Galatasaray Meydanı’nda oturma eylemi yapmaları engellenen Cumartesi Anneleri 709. haftada 1991 yılında kaçırılan Hüseyin Toraman’ın akıbetini sordu.

Galatasaray Meydanı’nda oturma eylemi yapmaları engellenen Cumartesi Anneleri eylemlerinin 709. haftasında İHD’nin bulunduğu sokakta açıklama yaptı. Açıklamada konuşan kayıp Hayrettin Eren'in kardeşi İkbal Eren, devletlerin yaşam hakkını korumakla yükümlü olduğunu vurgulayarak, Türkiye’de yüzlerce gözaltında kaybedilen yurttaş olduğunu anımsattı. Eren, 27 Ekim 1991 sabahı İstanbul Kocamustafapa’daki evinin önünden silahlı, telsizli, sivil giyimli kişiler tarafından 34 ATZ 56 plakalı Beyaz Toros’a zorla bindirilerek kaçırılan Hüseyin Toraman’ın akıbetini sordu.
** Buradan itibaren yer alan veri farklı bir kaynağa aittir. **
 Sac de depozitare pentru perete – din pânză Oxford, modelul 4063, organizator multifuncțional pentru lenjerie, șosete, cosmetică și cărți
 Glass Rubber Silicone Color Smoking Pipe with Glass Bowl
Eren, kaçırma olayının mahallelinin, esnafların ve evinin penceresinden bakan Hüseyin’in eşinin gözü önünde gerçekleştiğini söyledi.
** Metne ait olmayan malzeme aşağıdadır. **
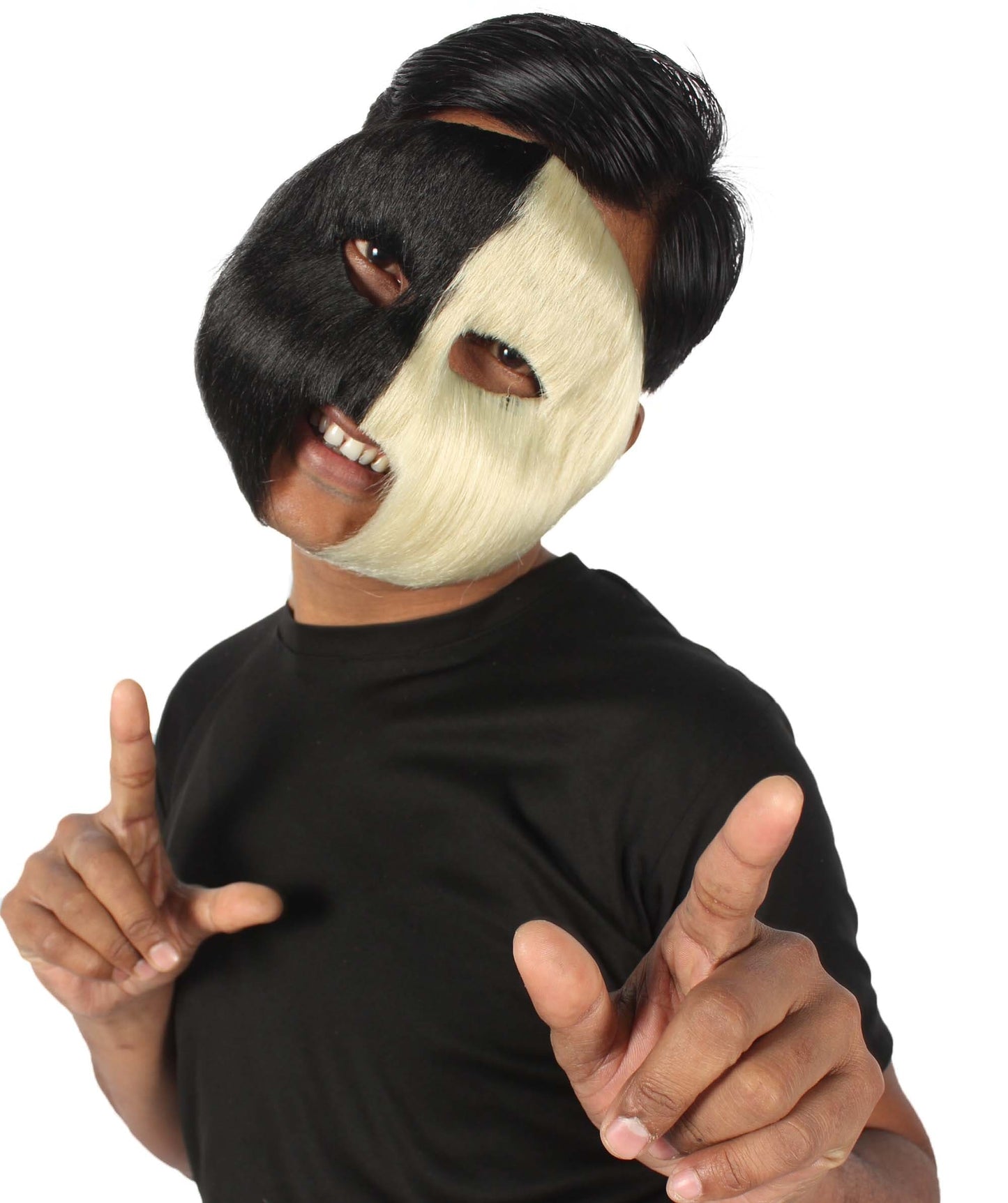 Blonde & Black Unisex Cosplay Ball Party Carnival Eye Mask Medium & Large Lengths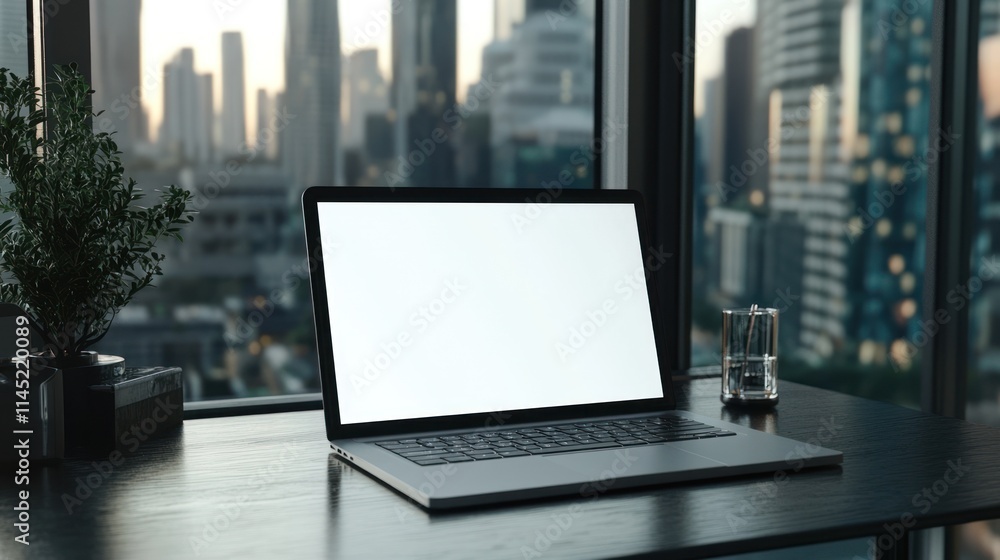 Laptop on Desk with City View at Sunset Laptop on Desk with City View at Sunset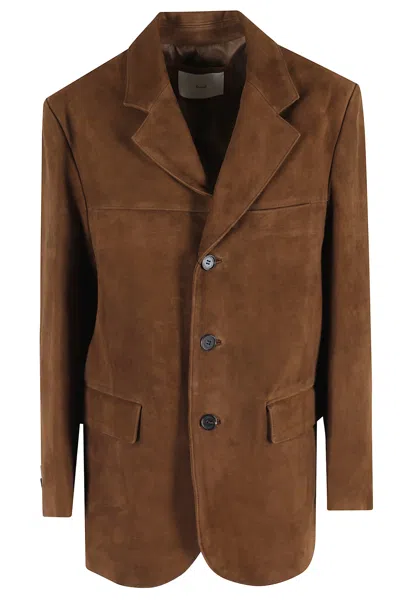 Dunst Suede Tailored Half Jacket In Brown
'OĞLUNUZ EMNİYETTEDİR, MERAK ETMEYİN'

Görgü tanıklarının polisi aradığını söyleyen Eren, tanıklardan bilgi alan polislerin, bir esnafın işyeri telefonundan yaptıkları görüşmeler sonrasında olaya müdahale etmeden ayrıldığını anlatarak “Baba Ali Rıza Toraman, Çınar Karakolu'na giderek olaya neden müdahale etmediklerini sordu. Karakol amiri Hüseyin’in kaçırılmadığını, siyasi polisler tarafından gözaltına alındığını, bu nedenle müdahale edemediklerini söyledi. Baba Toraman karakol amirinin bu beyanını kaydetti" ifadelerini kullandı. Eren, İstanbul Emniyet Müdürü Mehmet Ağar’la görüşen aileye Ağar’ın 'Oğlunuz emniyettedir, merak etmeyin, evinize gidin' dediğini hatırlatarak olaya müdahale etmeyen karakol amirinin, Hüseyin’i kaçıranların da polis olduğu yönündeki açıklamasını içeren ses kaydını İçişleri Bakanı İsmet Sezgin’e veren baba Ali Rıza Toraman’a Sezgin’in 'Gözaltında olduğuna ve sorgulandığına ilişkin bir husus yoktur' dediğini belirtti.

DEMİREL: OĞLUN CEBİMDE Mİ ÇIKARAYIM

Oğlunun bulunması için dönemin Başbakan’ı Süleyman Demirel’le görüşen Hatice Toraman’a Demirel'in “Oğlun cebimde mi ki çıkarıp vereyim” dediğini aktaran Eren, açılan soruşturmaların bir sonuca ulaşmadan "Zamanaşımı süresi dolduğundan soruşturmaya yer olmadığı" kararı ile kapatıldığını söyledi. Hüseyin Toraman dosyasında cezasızlığın sonlandırılmasını isteyen Eren, kendilerine kapatılan Galatasaray’dan vazgeçmeyeceklerini vurgulayarak konuşmasını sonlandırdı.

'BURADA İNSAN HAKLARI YOK'

Hüseyin Toraman'ın annesi Hatice Toraman ise basın mensuplarına teşekkür ederek şunları söyledi: "Devletin bize yaptığı bu acıyı halka anlatıyorsunuz. Devlet benim oğlumu kaybetti dediğimde inanmıyorlar. Ben de inanmamıştım. Sanki sadece benim başıma geldiğini sanmıştım. Ama değilmiş. Ben susmadım susmayacağım. Her şeyi anlattım. Öfkem ve kinim bitmiyor. 27 senedir gözümün yaşı kurumadı, kurumayacak. Bizim ciğerimiz dağladılar.”

24 yaşında genç bir öğretmen olan oğlunun karıncayı bile incitmediğini sadece sol görüşlü olduğunu anlatan anne Toraman “Burada baskı, zulüm var. Ağzını açma işkenceye uğruyorsun. İşte diktatörlük budur. 15 ülkeye gittim böyle bir şey görmedim. Burada insan hakları yok. Bizim derdimiz çocuklarımızı aramak, akıbetini bulmak. Taht da onun olsun köşk de biz çocuklarımızı istiyoruz. Katilleri yargılasınlar" diye konuştu.